Joshimath sinking: Scientists claim 30 percent of ancient town is 'hollow'

Disaster management officials believe that in such a situation, 30 percent of the area affected by landslides can collapse at any time. 

Published: 27th January 2023 08:24 PM  |   Last Updated: 27th January 2023 08:28 PM   |  A+A-

Cracks ranging from 40 to 50 meters deep have been found inside the ground at about 460 places in Joshimath. 

Express News Service

DEHRADUN: Joshimath, an ancient town adjacent to the border district, which has been hit by a natural disaster, is finding it difficult to recover from this crisis at the moment.

In a major revelation, scientists have found that a large part of Joshimath, which is facing land sinking issues, has become hollow. "A huge amount of soil has been washed away with water. So far, cracks ranging from 40 to 50 meters deep have been found inside the ground at about 460 places." 

Disaster management officials believe that in such a situation, 30 percent of the area affected by landslides can collapse at any time. Therefore, there is no option but to immediately displace the nearly 4000 affected people settled in this area." Buildings with cracks will have to be demolished soon.

On the other hand, Joshimath residents took out a huge public awareness rally on Friday against the National Thermal Power Corporation (NTPC) project. Hundreds of disaster-hit people, including traders, took to the streets and raised slogans of 'NTPC go back, go back'. There was also anger against the government, the road leading to NTPC township from TCP Bazar was tightly guarded by the police in view of security. The area of the NTPC project office has been converted into a cantonment due to security reasons.

The National Institute of Hydrology team has found in its findings that, "Land submergence in Joshimath gradually increased on the night of January 2. Meanwhile, muddy water started seeping from the hilly area behind the JP company's residential colony, which still remains a puzzle for administrative officials and scientists".

In the last 23 days, about 2,21,40 thousand liters of water has leaked inside the ground. This amount of water is equivalent to a large lake.

The most shocking report on water leakage is from the National Geophysical Research Institute, Hyderabad. The report says, "Joshimath's sloping mountain is built on a pile of debris, the soil that was covered with stones has been washed away in the water. The lower part of the stones has become hollow. Therefore, the ability to bear loads is gradually disappearing". At the same time, CBRI has seen three sites for displacement.

ALSO READ | Rehabilitation a difficult task for Joshimath administration, even the affected not unanimous

This has been revealed from the preliminary report of the central investigating agencies. The report has been submitted to the National Disaster Management Authority (NDMA). According to sources, the NDMA has already made a presentation in the Union Home Ministry on Wednesday. Scientists believe that after the final report of the investigation, the picture of Joshimath can be more 'frightening'. Because sooner or later the entire Joshimath will be hit by it.

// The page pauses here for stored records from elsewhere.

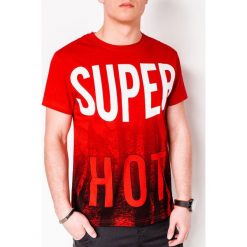 T-shirt męski z nadrukiem S1082 - czerwony. Czerwone t-shirty męskie Ombre Clothing, s, z nadrukiem, z bawełny, bez kołnierzyka. Za 13,99 zł.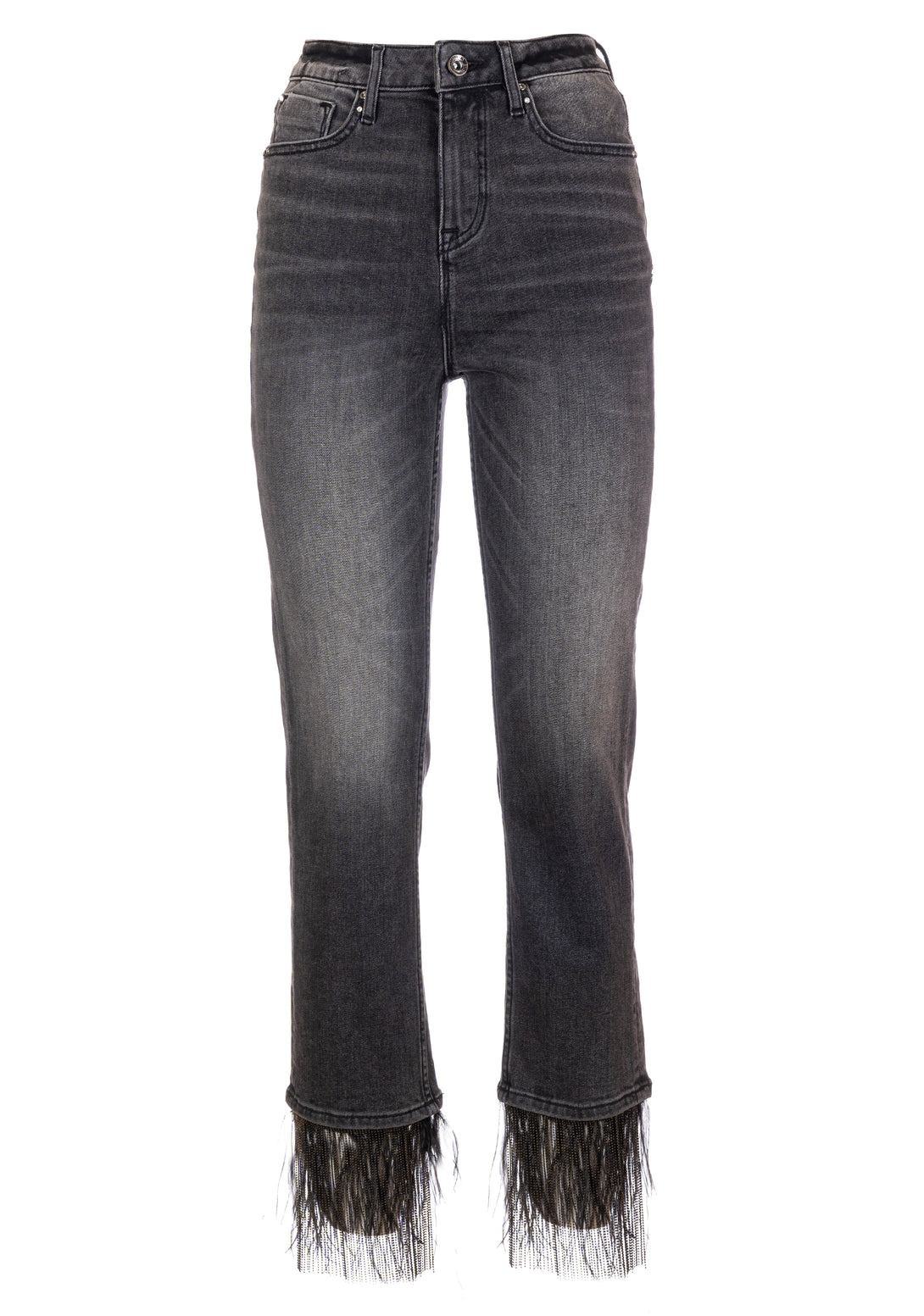 Jeans regular cropped in denim nero con lavaggio medio FP23WV9001D40104 Fracomina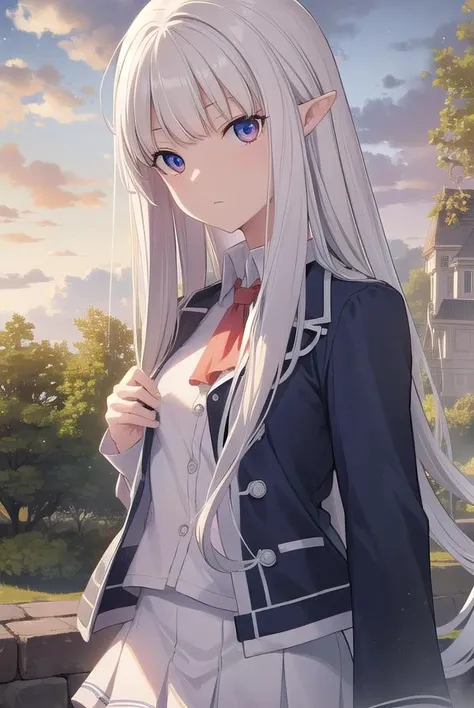 cheong, <lora:cheong manhwa-lora-nochekaiser:1>,
cheong, long hair, bangs, (red eyes:1.2), white hair, pointy ears, curly hair,
BREAK skirt, shirt, thighhighs, jacket, zettai ryouiki, ascot, white skirt, collar, long sleeves, blue shirt,
BREAK outdoors, na...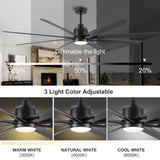 ZNTS 72" Supper Large Integrated LED Light Ceiling Fan with Black ABS Blade 35538391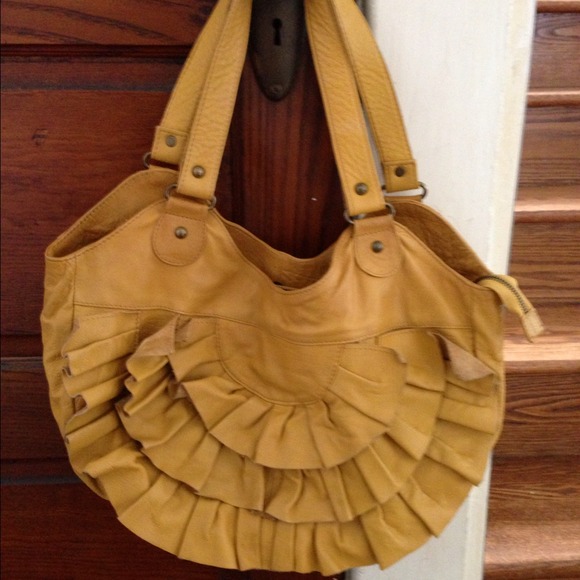 Anthropologie Yellow Mustard Leather Bag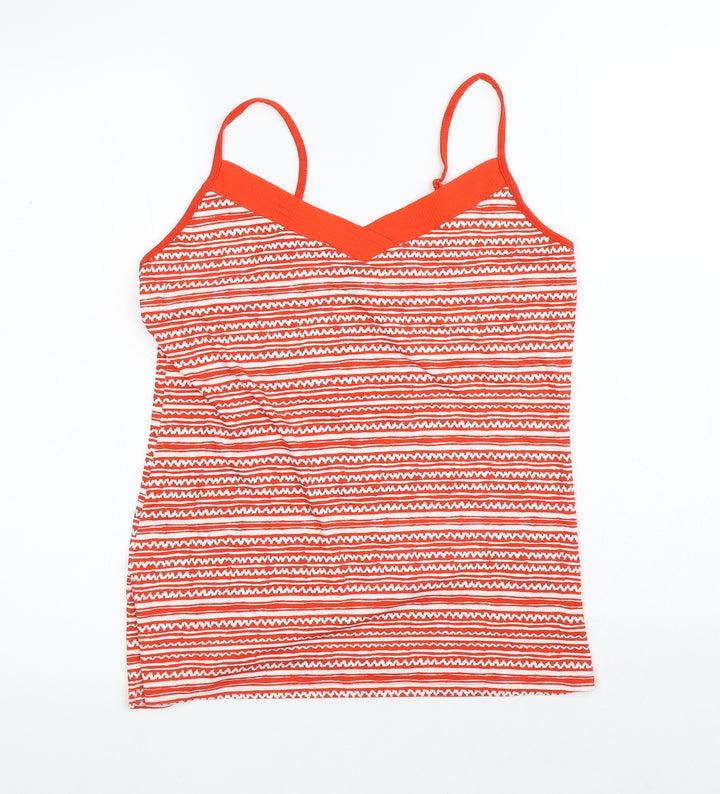 Dunnes Stores Womens Red Striped Viscose Basic Tank Size M V-Neck
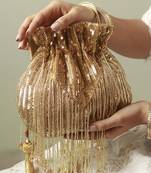 Gold silk tassles potli with handle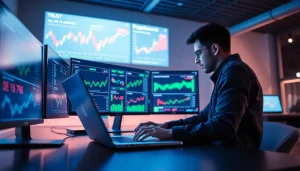 Infosec-focused workspace with a developer coding and analyzing Amazon price tracking charts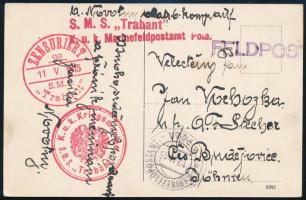 1915 Tábori posta képeslap S.M.S. Trabant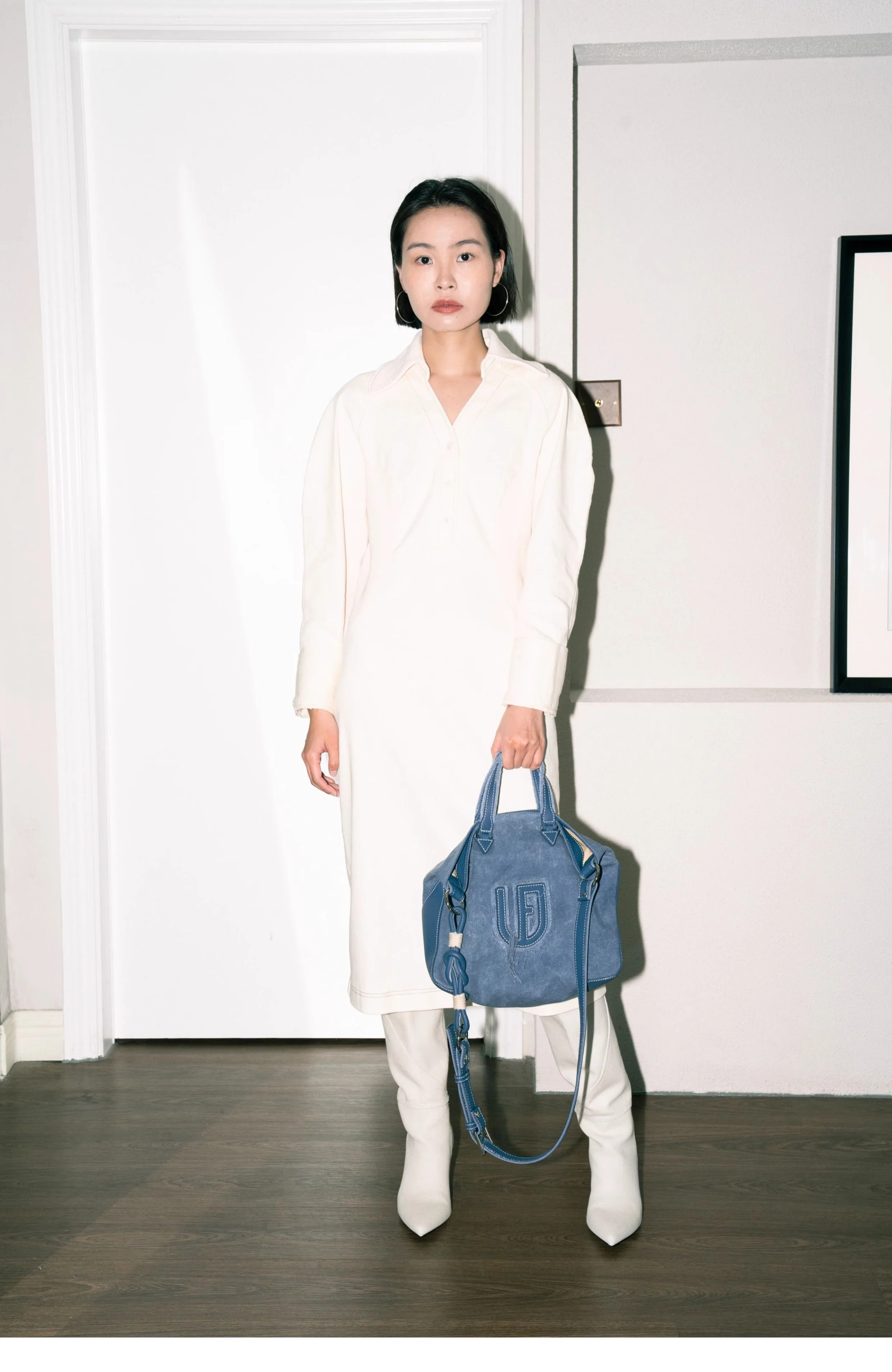 Blue Suede & Denim Tote - Image 3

According to sources, the survey found that there are 2500 houses in the land submergence area, in which 4000 people living are affected. At the same time, 30 percent of the buildings with cracks have been recommended to be demolished immediately. While it has also been suggested to explore the possibility of retrofitting the rest of the buildings. 

The government is giving top importance to the opinion of scientists as well as the interests of the affected, a detailed blueprint is being prepared for this," the state cabinet and minister in charge of Joshimath, Dr Dhan Singh Rawat, told The New Indian Express.

"The government is fully sensitive to setting up new cities and compensation for the displaced and they will be rehabilitated as per the opinion of the affected people."

Departments and institutes involved in saving Joshimath

1. Central Building Research Institute (CBRI) has been assigned for the construction of pre-fabricated model buildings for temporary rehabilitation, inspection of broken buildings as well as demolition.

2. The Wadia Institute of Himalayan Geology: Seismology Geophysical Analysis as well as the Geophysical Survey are to submit their final report to the institute in two months.

3. IIT Roorkee: A geotechnical survey is being conducted at Joshimath by IIT Roorkee. In this study, the scientists of the institute will find out what is the position of soil and stones in the geology of Joshimath. What is its load bearing capacity.

4. NGRI, Hyderabad: A geological map up to a depth of 30 to 50 meters in Joshimath will be prepared with geophysical and geotechnical survey work. It has to submit its final report to the government in three weeks.

5. National Institute of Hydrology (NIH): Conducting hydrological surveys in the affected area. The institute team will prepare a complete map of the water flowing in the ground here.

6. Geological Survey of India (GSI):  To conduct geological study of land selected for land survey and rehabilitation of affected area in Joshimath.

7. Central Ground Water Board (CGWB): Will ascertain the direction and position of spring water and its flow below the ground. 

8. Indian Institute of Remote Sensing (IIRS): The ground movement of Joshimath is constantly being monitored. The institute will submit the final report to the government in three months.